Single by Joey Bada$$

from the album ALL-AMERIKKKAN BADA$$
- Released: January 20, 2017
- Recorded: 2016–2017
- Genre: Hip hop; political hip hop;
- Length: 4:44
- Label: Pro Era; Cinematic;
- Songwriter(s): Jo-Vaughn Scott; Adam Pallin; Kirlan Labarrie;
- Producer(s): Kirk Knight; Adam Pallin;

Joey Bada$ singles chronology
| "Front & Center" (2016) | "Land of the Free" (2017) | "Temptation" (2017) |

Music video
- "Land Of The Free" on YouTube

= Land of the Free (song) =

2017 single by Joey Badass

"Land of the Free" is a song by American hip hop recording artist Joey Bada$$. It was released on January 20, 2017, by Pro Era and Cinematic Music Group, as the second single from his second studio album, ALL-AMERIKKKAN BADA$$. The song was produced by Kirk Knight and Adam Pallin.
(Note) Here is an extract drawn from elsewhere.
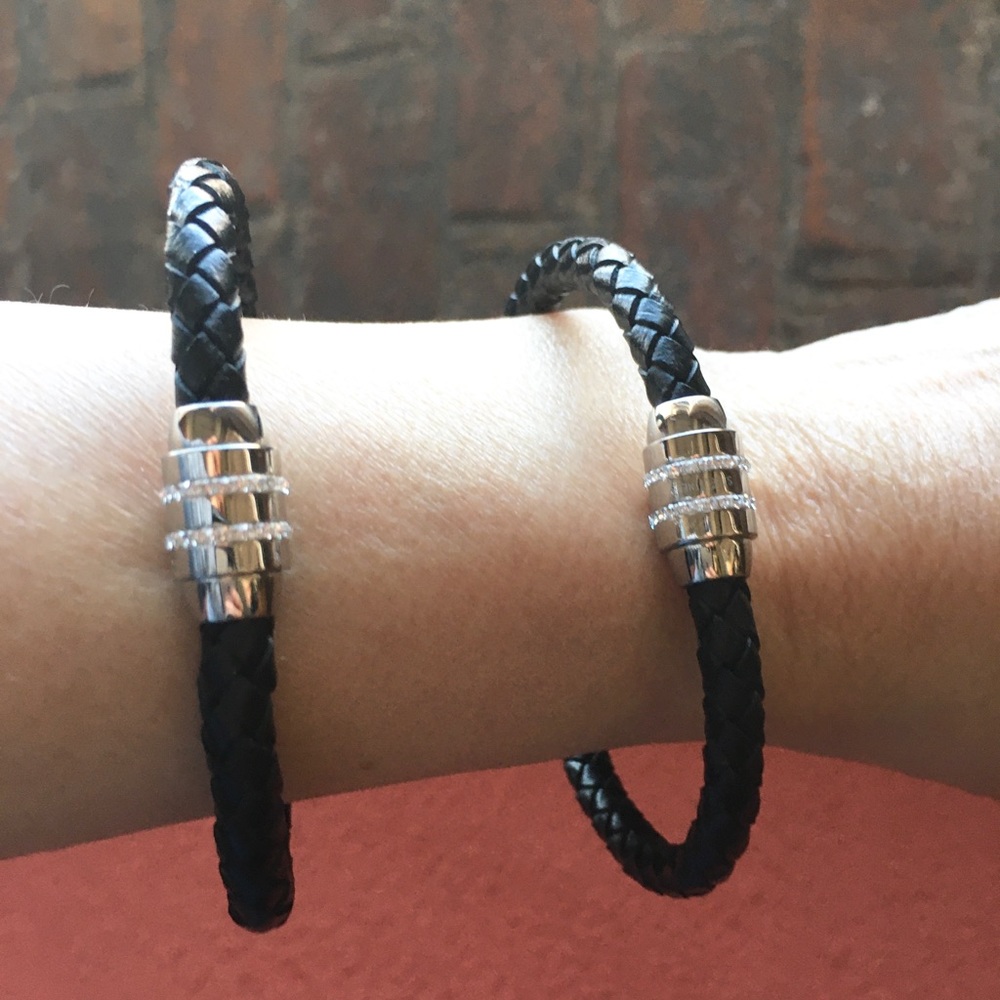 NEW Leather & Rhinestone Bracelets - Picture 6 of 8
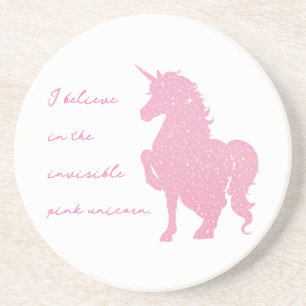 Posavasos Creo en el unicornio rosa invisible.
==Background and release==
In an interview with Genius, Joey Bada$$ spoke on the release of the song, saying it was a "triple significance". He said his fans know about his interest to "play with dates" and he thought it was the "perfect" timing since it was his birthday, the second anniversary of his debut album and the inauguration of Donald Trump.

He performed the song on the Late Show With Stephen Colbert. The song was seen as a political statement by Bada$$ on Donald Trump, as one of the lines in the lyrics contained "Sorry, America, but I will not be your soldier. Obama just wasn't enough – I need some more closure". His view on Trump is also addressed more directly through the following lyric, "And Donald Trump is not equipped to take this country over."

==Music video==
The song's accompanying music video, co-directed by Bada$$ and Nathan Smith, was released on March 6, 2017 on Pro Era's YouTube account.

In the video, Bada$$, in a windy meadow at a desert, alternates between speaking to a group of children and standing in solidarity with a group of adults with their chained hands, following with a firing squad consisting of police officers and businessmen, who shoot several of the prisoners. The video concludes with Ku Klux Klan members standing before a burning cross."